The Schematic Design budget, available in the complete Schematic Design Report which is located at Storrs Library, allocates $1,645,102 for furnishings and $1,197,000 for technology. These budgets were developed by the Architect's furniture and technology consultants. These budgets are consistent with recent school projects of similar size. This budget was approved by the MSBA Board of Directors on March 31.
11. What is the total amount of money set aside for contingencies for Scheme 2B?
The Schematic Design budget, available in the complete Schematic Design Report which is located at Storrs Library, includes the following contingencies: a) Design & Pricing Contingency: $5,656,228; b) Escalation Contingency: $2,002,972; c) Construction Contingency: $3,193,699; and d) Owner's Contingency: $784,000.
12. What is the cost of construction for the rehab portion of Scheme 2B?

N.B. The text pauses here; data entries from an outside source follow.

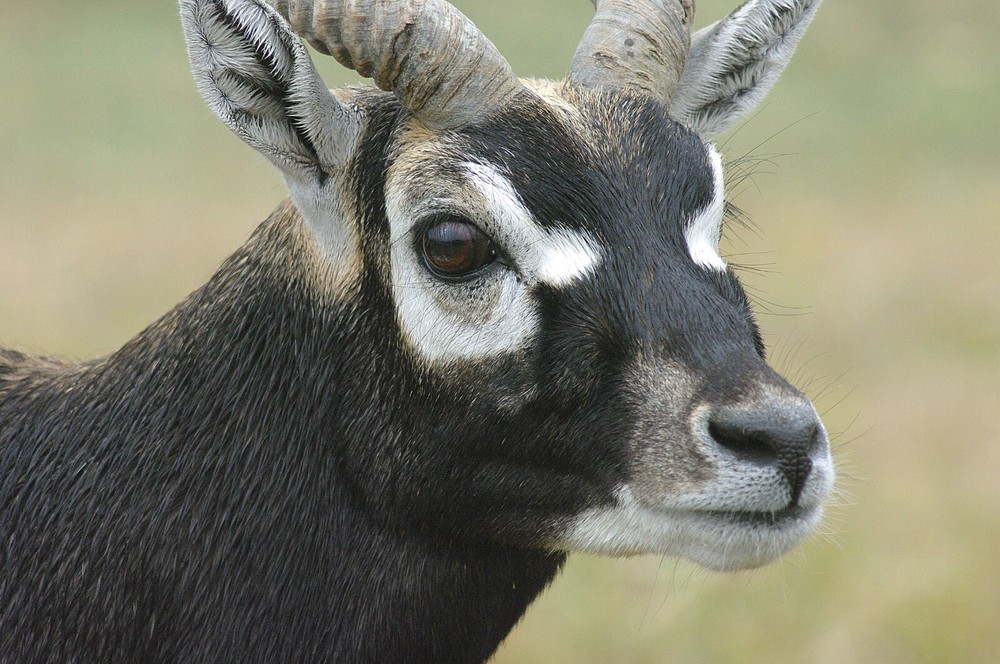 Black Buck Taxidermy Reference Photo Cd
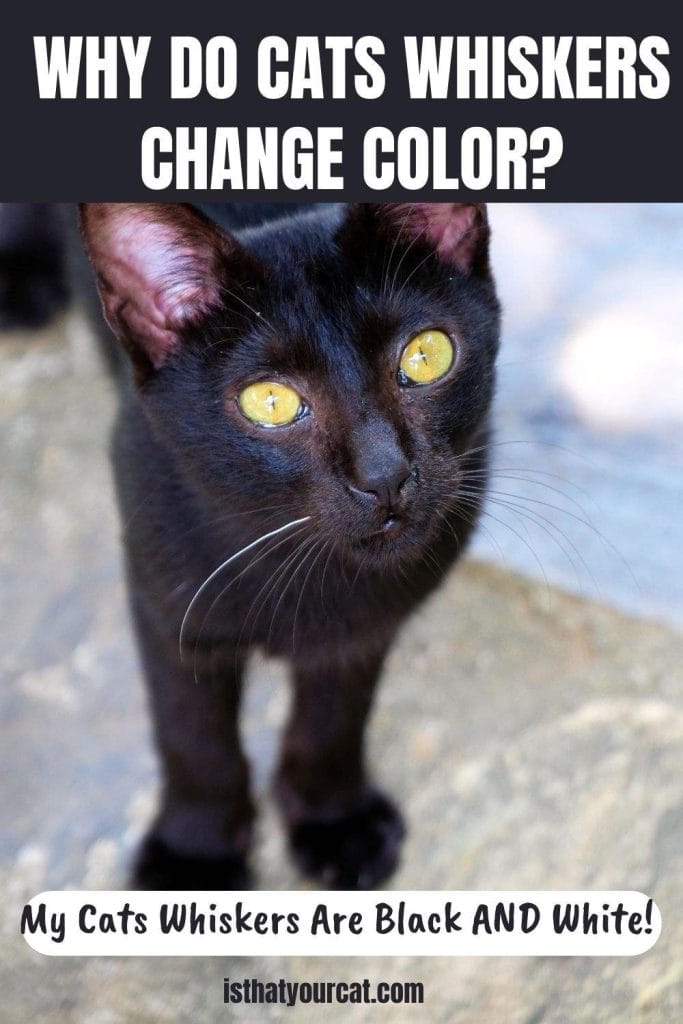 Why Do Cats Whiskers Change Color? They Are A Strange Mixture Of Black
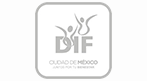 Instituciones amigas Instituto Electoral de la Ciudad de México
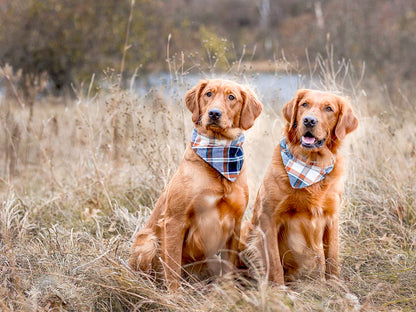 "Ketchup & Mustard" Dog Bandana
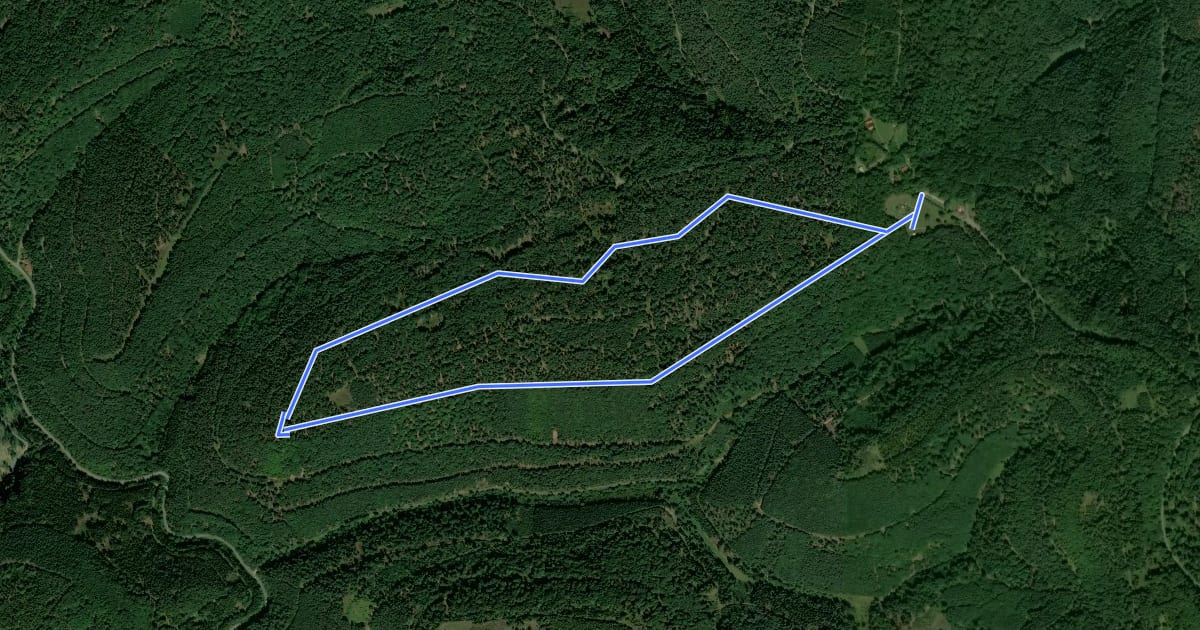 Маршрут Rundwanderweg Taubensuhl 1 на спутниковом снимке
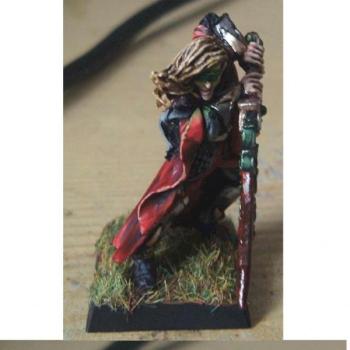 High Elf Hero Character by Methiston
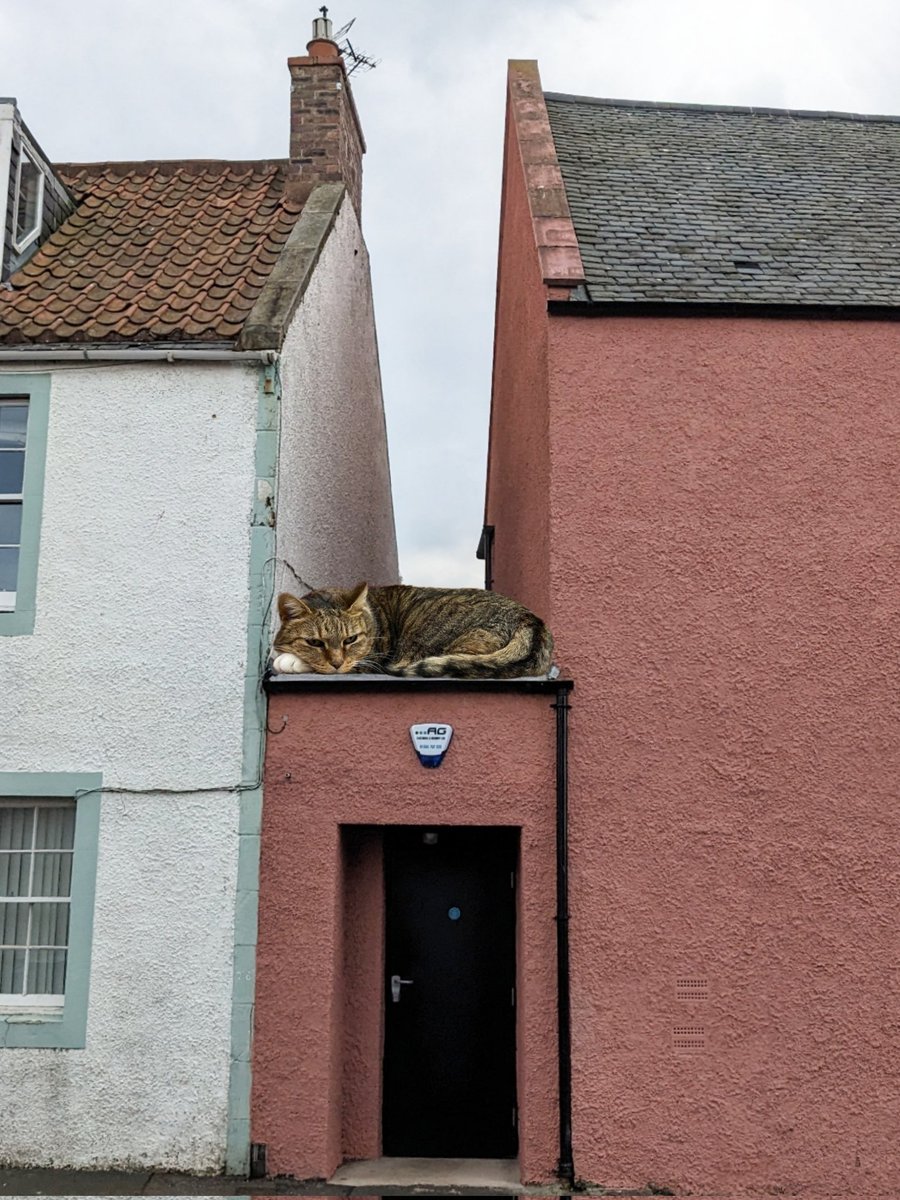 *Archive:

spotted by: choupette_lagerfeld;

56.004389,-2.515297;

1216hrs 27/4/23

The total project budget is $78,452,888 comprised of $9,193,620 for the renovated portion and $69,259,272 for the new portion. The breakdowns of all costs of the renovated and new portions of the project can be found in the Schematic Design budget available in the Schematic Design report, available at Storrs Library.
13. What is the cost of construction for the new portion of Scheme 2B?
The total project budget is $78,452,888 comprised of $9,193,620 for the renovated portion and $69,259,272 for the new portion. The breakdowns of all costs of the renovated and new portions of the project can be found in the Schematic Design budget available in the Schematic Design report, available at Storrs Library.
Thank you for your correspondence. The Longmeadow SBC welcomes questions from the public. Letters may be addressed to the SBC via e-mail at longmeadowsbc@yahoo.com or via mail at School Building Committee, 127 Grassy Gutter Rd., Longmeadow, MA 01106.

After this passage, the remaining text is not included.